We did not observe any correlation between IC change and HR, dyspnea sensation, or SpO2. However, we should point out that our study had no power to demonstrate these associations due to our sample size. These associations were not considered main objectives of this study.
The main clinical implication of this study is the suggestion that patients with COPD in more severe stage of the disease should always be instructed to use ECT during the performance of their ADLs, as they may contribute to prevent DH. Despite we have not observed less dyspnea during the use of ECT, other authors have shown this association. 25 Thus it is our belief that professionals involved in the rehabilitation process of COPD patients should promote the teaching of ECT as an obligatory part of treatment.
The main limitation of this study is not having had an unblended evaluation of the patients but the methods used for evaluation are somewhat objective and have proved to be valid and reliable which is what makes us believe it does not invalidate our data.
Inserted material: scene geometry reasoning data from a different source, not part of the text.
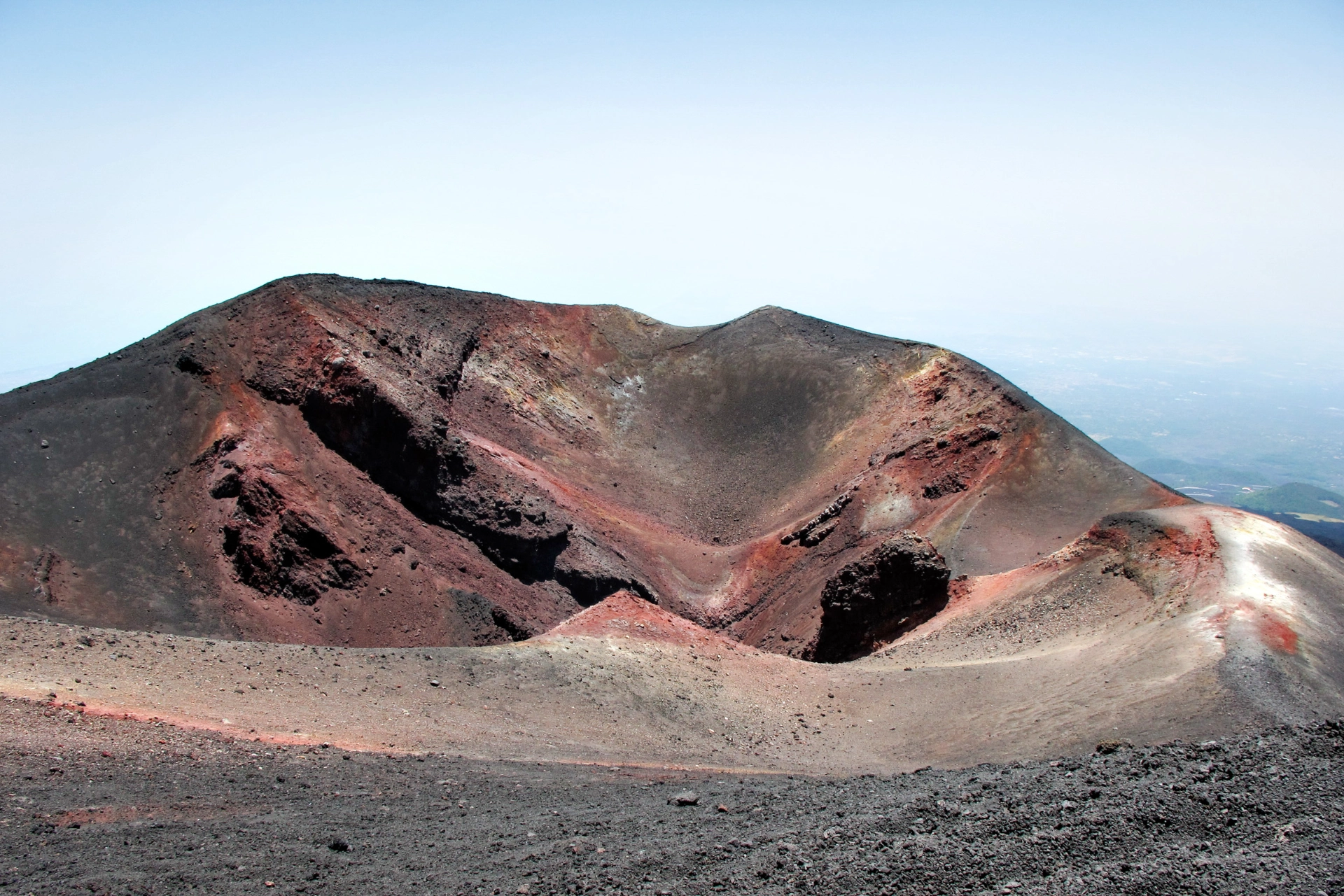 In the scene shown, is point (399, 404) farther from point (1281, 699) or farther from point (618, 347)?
point (1281, 699)

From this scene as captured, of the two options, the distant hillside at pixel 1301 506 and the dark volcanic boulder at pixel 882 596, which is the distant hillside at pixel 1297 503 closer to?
the distant hillside at pixel 1301 506

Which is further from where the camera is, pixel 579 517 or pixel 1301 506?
pixel 1301 506

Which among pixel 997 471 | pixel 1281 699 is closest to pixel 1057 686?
pixel 1281 699

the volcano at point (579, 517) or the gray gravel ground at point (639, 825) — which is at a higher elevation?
the volcano at point (579, 517)

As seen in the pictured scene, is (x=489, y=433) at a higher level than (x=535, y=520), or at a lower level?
higher

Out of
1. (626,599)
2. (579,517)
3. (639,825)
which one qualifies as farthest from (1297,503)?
(639,825)

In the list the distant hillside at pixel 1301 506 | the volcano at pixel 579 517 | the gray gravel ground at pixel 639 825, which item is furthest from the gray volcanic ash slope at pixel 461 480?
the distant hillside at pixel 1301 506

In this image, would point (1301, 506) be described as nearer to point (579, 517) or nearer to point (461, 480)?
point (579, 517) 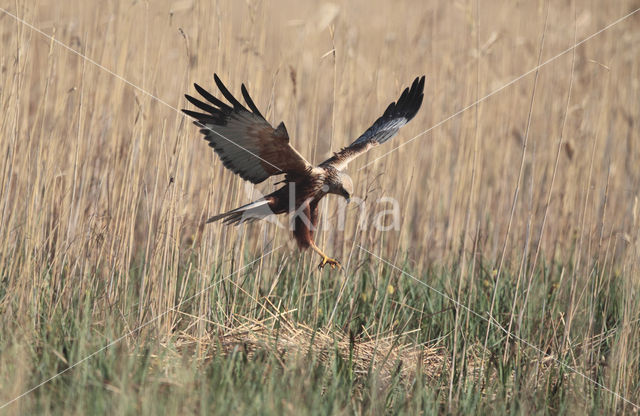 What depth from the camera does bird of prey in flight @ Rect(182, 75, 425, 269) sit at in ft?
9.82

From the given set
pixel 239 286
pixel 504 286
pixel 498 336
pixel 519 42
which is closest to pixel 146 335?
pixel 239 286

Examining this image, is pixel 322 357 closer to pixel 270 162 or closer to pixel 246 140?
pixel 270 162

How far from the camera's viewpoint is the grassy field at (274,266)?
2.88 metres

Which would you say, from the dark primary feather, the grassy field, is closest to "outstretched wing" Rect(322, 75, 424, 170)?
the dark primary feather

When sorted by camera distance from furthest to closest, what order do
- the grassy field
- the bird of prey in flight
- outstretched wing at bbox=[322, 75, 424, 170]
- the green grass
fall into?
outstretched wing at bbox=[322, 75, 424, 170]
the bird of prey in flight
the grassy field
the green grass

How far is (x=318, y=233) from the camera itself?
3.92m

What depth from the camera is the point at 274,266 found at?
403 centimetres

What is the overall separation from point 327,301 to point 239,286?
509mm

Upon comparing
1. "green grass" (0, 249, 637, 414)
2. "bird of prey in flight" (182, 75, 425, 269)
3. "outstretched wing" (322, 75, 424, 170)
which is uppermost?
"outstretched wing" (322, 75, 424, 170)

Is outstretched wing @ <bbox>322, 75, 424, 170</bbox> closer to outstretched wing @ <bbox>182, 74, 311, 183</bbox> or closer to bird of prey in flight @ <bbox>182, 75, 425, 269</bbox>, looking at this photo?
bird of prey in flight @ <bbox>182, 75, 425, 269</bbox>

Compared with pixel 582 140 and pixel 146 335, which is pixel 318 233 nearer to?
pixel 146 335

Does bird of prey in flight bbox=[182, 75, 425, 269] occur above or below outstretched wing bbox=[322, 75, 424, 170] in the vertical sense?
below

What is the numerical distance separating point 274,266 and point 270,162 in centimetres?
94

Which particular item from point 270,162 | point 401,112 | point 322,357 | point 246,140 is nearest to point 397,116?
point 401,112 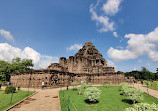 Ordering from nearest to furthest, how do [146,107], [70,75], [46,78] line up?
1. [146,107]
2. [46,78]
3. [70,75]

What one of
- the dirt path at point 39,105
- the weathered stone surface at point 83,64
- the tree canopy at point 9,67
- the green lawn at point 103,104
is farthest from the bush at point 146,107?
the tree canopy at point 9,67

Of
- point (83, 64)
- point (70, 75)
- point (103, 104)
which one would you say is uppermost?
point (83, 64)

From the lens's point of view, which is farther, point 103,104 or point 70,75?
point 70,75

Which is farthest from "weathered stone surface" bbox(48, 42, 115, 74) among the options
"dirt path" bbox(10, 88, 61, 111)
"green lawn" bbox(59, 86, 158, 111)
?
"dirt path" bbox(10, 88, 61, 111)

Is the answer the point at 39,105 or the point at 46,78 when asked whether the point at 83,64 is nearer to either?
the point at 46,78

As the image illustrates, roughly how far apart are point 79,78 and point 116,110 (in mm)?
34907

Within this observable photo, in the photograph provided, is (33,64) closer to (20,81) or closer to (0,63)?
(0,63)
Another possible limiting factor is the fact that we have not measured ventilatory and metabolic variables but the literature has studies showing the changes that ventilatory and metabolic variables undergo during exercise 17 or during the accomplishment of ADLs. 23
In a study by our group with COPD patients, with characteristics similar to the ones in this study, when performing activities that involved the upper limbs (sweeping the floor, erasing a blackboard, lifting pots, and changing light bulbs) presented an increase in the RR and in the use of the ventilatory reserve, justifying the genesis of dyspnea reported by them. 5 In another study with also COPD patients with similar characteristics, we observed that simple exercises with the arms developed dynamic hyperinflation and the likely mechanism for the DH showed increase in pulmonary ventilation, RR, inspiratory time over total breathing cycle ratio, and tidal volume over inspiratory time and reduction in expiratory time. 26
From this study with moderate-to-very severe COPD patients, it can be concluded that simple ADLs induces DH, which could play a role in the exercise limitation and dyspnea sensation felt by these patients. ECTs use might somewhat prevent the occurrence of DH and their use by COPD patients should be encouraged. In addition, further studies should examine the actual efficacy of those maneuvers in a wider range of ADLs and how they could decrease dyspnea in COPD patients and increase their performance during ADLs.
Footnotes
Conflict of interest
The authors declared no conflicts of interest.
Funding
This research received no specific grant from any funding agency in the public, commercial, or not-for-profit sectors.